▸ Problem requirements:
Would you copy the records below, exactly and only from their first line through the line containing "1/3 Carat Black", without any pictures?
/---
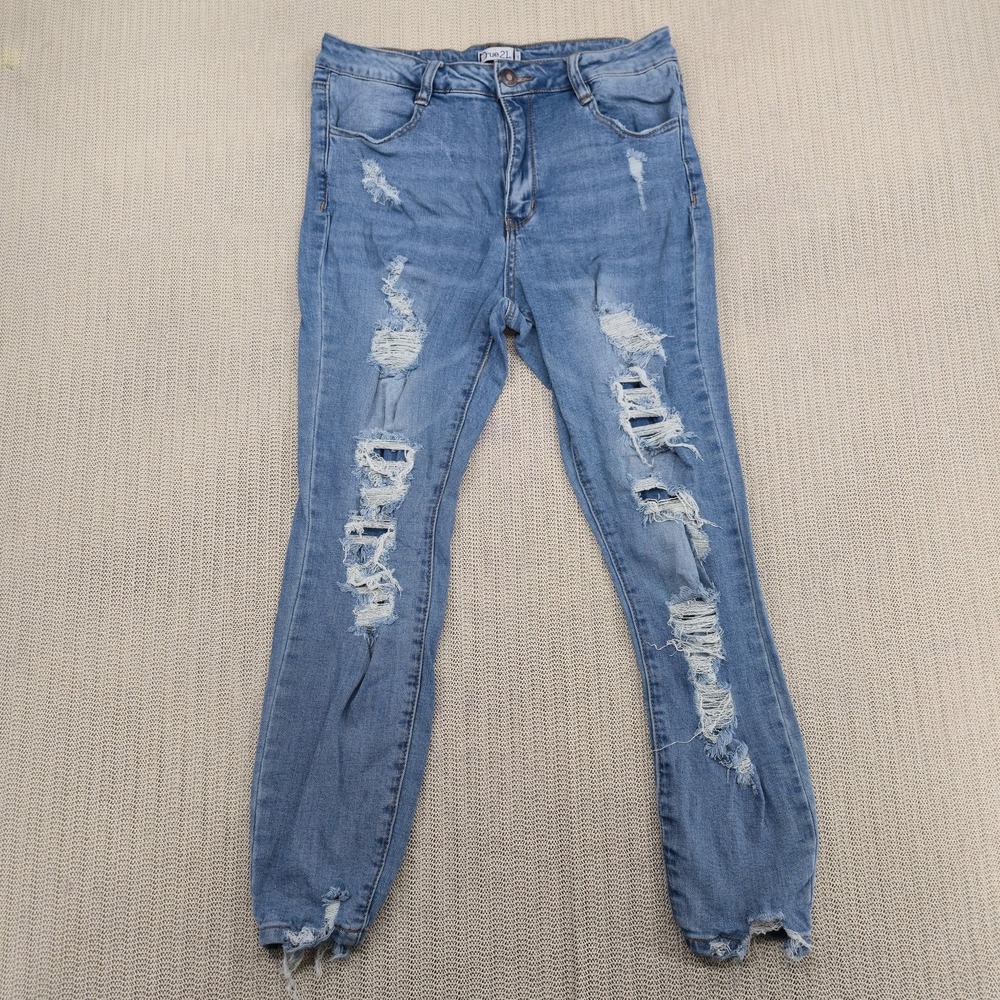 Rue21 Jeans Womens 12 Blue Distressed Ripped Skinny Ankle Raw Hem Denim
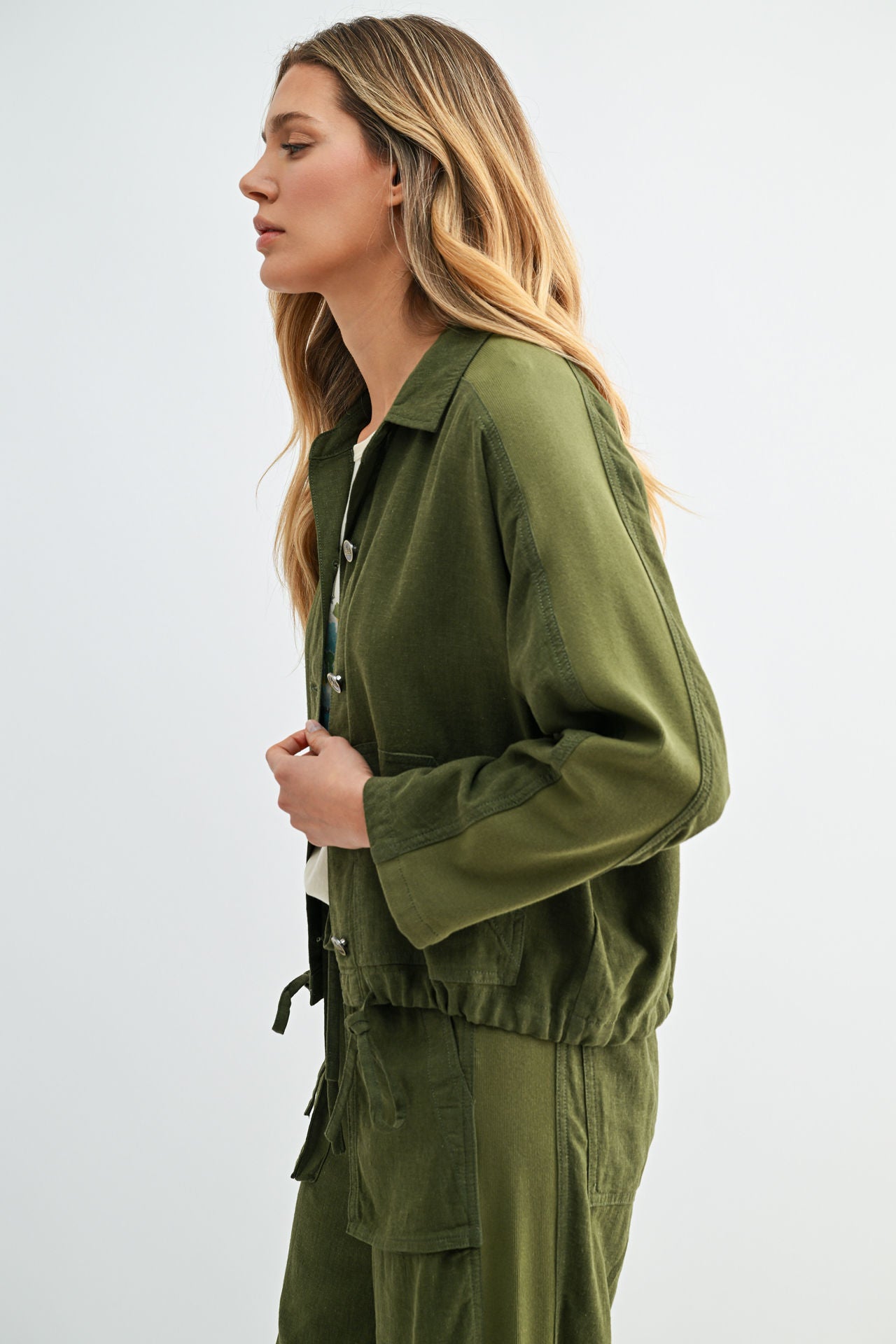 Pine Cropped Dolman Sleeve Jacket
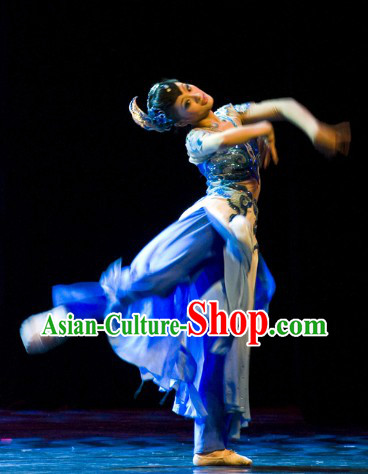 Chinese Classical Dance Costumes and Headdress Complete Set for Women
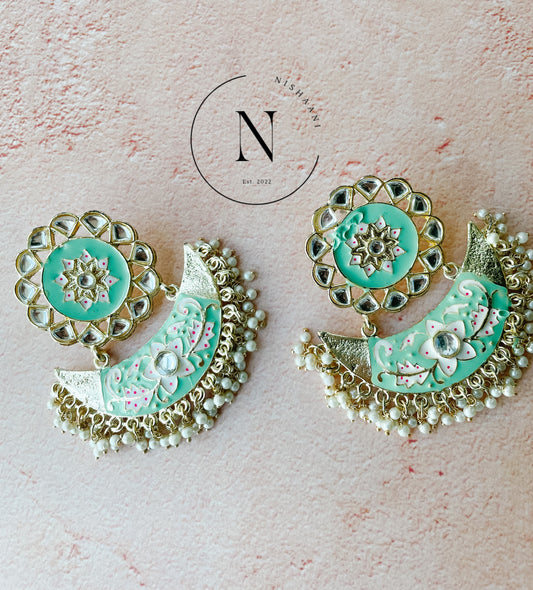 Sun Moon Earrings Green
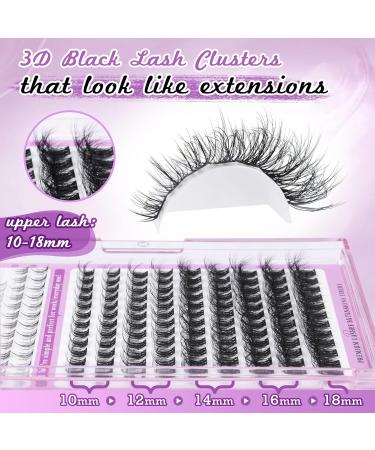 Focipeysa Wispy Lash Clusters - Natural DIY Eyelash Extensions | C Curl Individual Lashes 10-18mm with Applicator - Shop Now for International Shipping - Buy Online on GoSupps.com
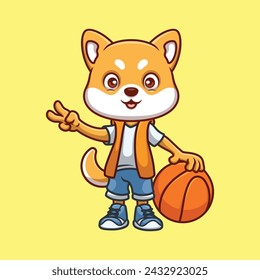 Basketball Shiba Inu Cute Cartoon Character Illustration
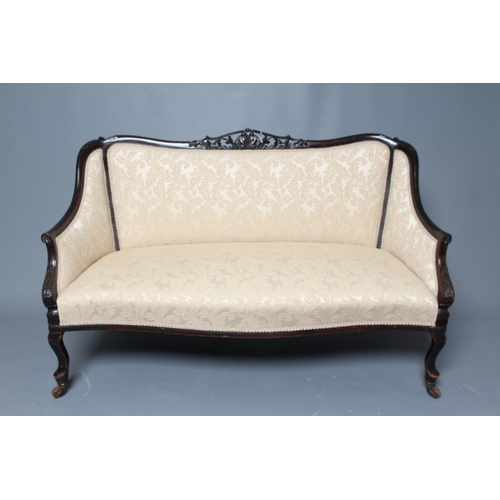 745 - A VICTORIAN MAHOGANY SHOW WOOD TWO SEATER SOFA, upholstered in champagne silk damask, the padded bac... 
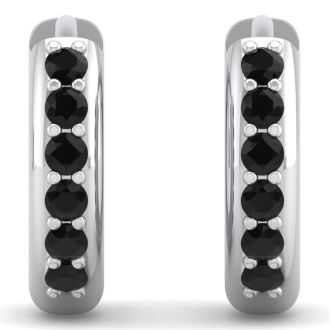 1/3 Carat Black Diamond Mens Hoop Earrings In 14 Karat White Gold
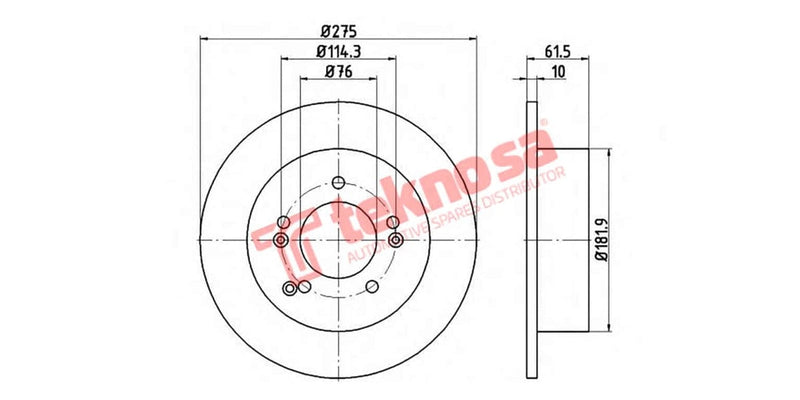 Brake Disc Kia Carens 1.6/2.0L 2007- (Rs)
\---
▸ Expected answer:
 Rue21 Jeans Womens 12 Blue Distressed Ripped Skinny Ankle Raw Hem Denim
 Pine Cropped Dolman Sleeve Jacket
 Chinese Classical Dance Costumes and Headdress Complete Set for Women
 Sun Moon Earrings Green
 Focipeysa Wispy Lash Clusters - Natural DIY Eyelash Extensions | C Curl Individual Lashes 10-18mm with Applicator - Shop Now for International Shipping - Buy Online on GoSupps.com
 Basketball Shiba Inu Cute Cartoon Character Illustration
 745 - A VICTORIAN MAHOGANY SHOW WOOD TWO SEATER SOFA, upholstered in champagne silk damask, the padded bac... 
 1/3 Carat Black Diamond Mens Hoop Earrings In 14 Karat White Gold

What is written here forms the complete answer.